== Your goal ==
Keep only the lines that hold the string "category", filtering out the rest of the entries below.

== Short descriptive text snippets ==
※
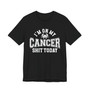 I'm On My Cancer Shit Today T-shirt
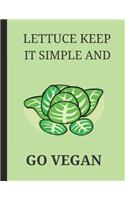 Lettuce Keep It Simple and Go Vegan: Lined Journal Notebook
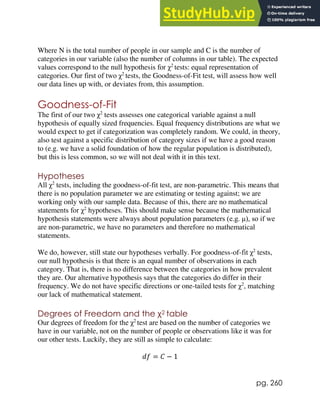 pg. 260
Where N is the total number of people in our sample and C is the number of
categories in our variable (also the number of columns in our table). The expected
values correspond to the null hypothesis for χ2
tests: equal representation of
categories. Our first of two χ2
tests, the Goodness-of-Fit test, will assess how well
our data lines up with, or deviates from, this assumption.
Goodness-of-Fit
The first of our two χ2
tests assesses one categorical variable against a null
hypothesis of equally sized frequencies. Equal frequency distributions are what we
would expect to get if categorization was completely random. We could, in theory,
also test against a specific distribution of category sizes if we have a good reason
to (e.g. we have a solid foundation of how the regular population is distributed),
but this is less common, so we will not deal with it in this text.
Hypotheses
All χ2
tests, including the goodness-of-fit test, are non-parametric. This means that
there is no population parameter we are estimating or testing against; we are
working only with our sample data. Because of this, there are no mathematical
statements for χ2
hypotheses. This should make sense because the mathematical
hypothesis statements were always about population parameters (e.g. μ), so if we
are non-parametric, we have no parameters and therefore no mathematical
statements.
We do, however, still state our hypotheses verbally. For goodness-of-fit χ2
tests,
our null hypothesis is that there is an equal number of observations in each
category. That is, there is no difference between the categories in how prevalent
they are. Our alternative hypothesis says that the categories do differ in their
frequency. We do not have specific directions or one-tailed tests for χ2
, matching
our lack of mathematical statement.
Degrees of Freedom and the χ2 table
Our degrees of freedom for the χ2
test are based on the number of categories we
have in our variable, not on the number of people or observations like it was for
our other tests. Luckily, they are still as simple to calculate:
𝑑𝑓 = 𝐶 − 1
※
== Solution for this problem ==
also test against a specific distribution of category sizes if we have a good reason
category. That is, there is no difference between the categories in how prevalent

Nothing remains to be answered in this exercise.